§ **The data**:
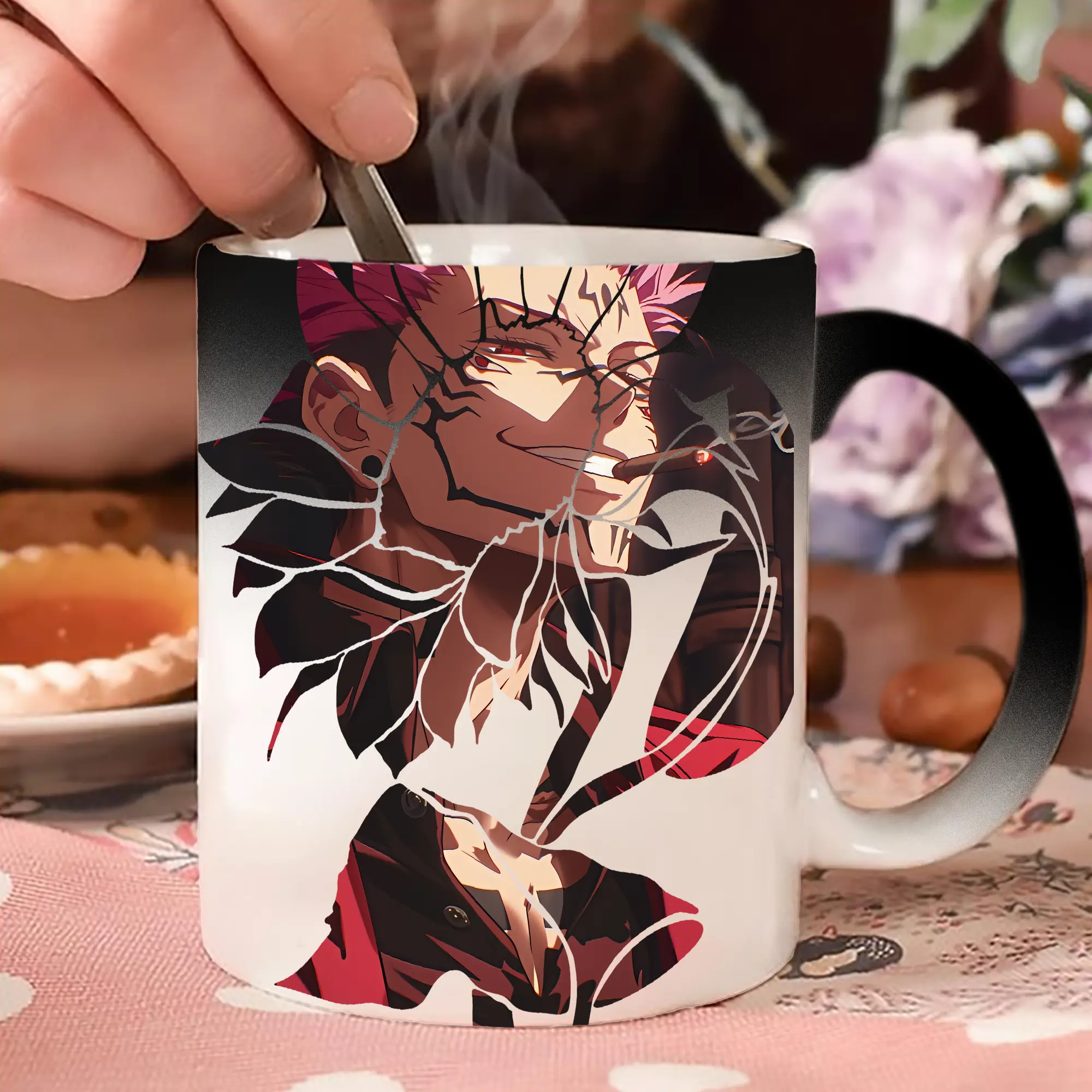 呪術廻戦 グッズ,両面宿儺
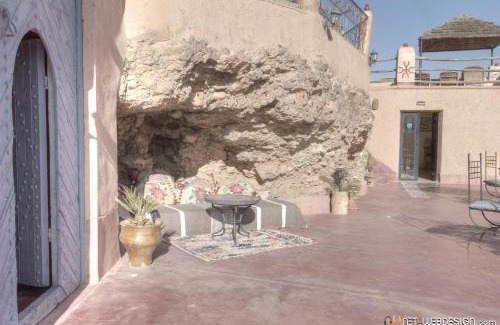 Ait Ouassif House | Kasbah Agoulzi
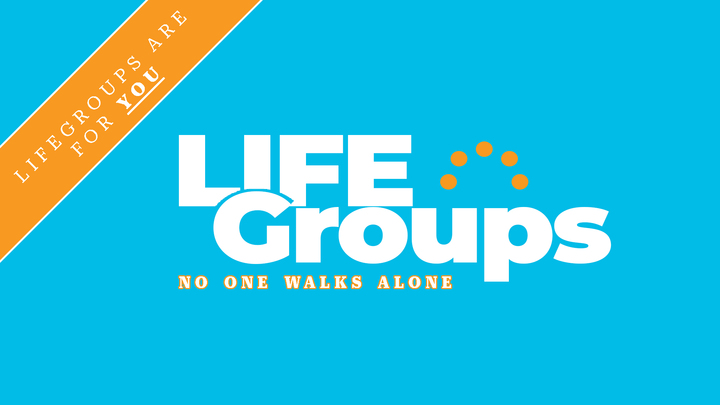 Logo for Widows LifeGroup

§ **To do**:
Print the listing again exactly, please. Keep the pictures out of it.

§ **Exercise output**:
 呪術廻戦 グッズ,両面宿儺
 Ait Ouassif House | Kasbah Agoulzi
 Logo for Widows LifeGroup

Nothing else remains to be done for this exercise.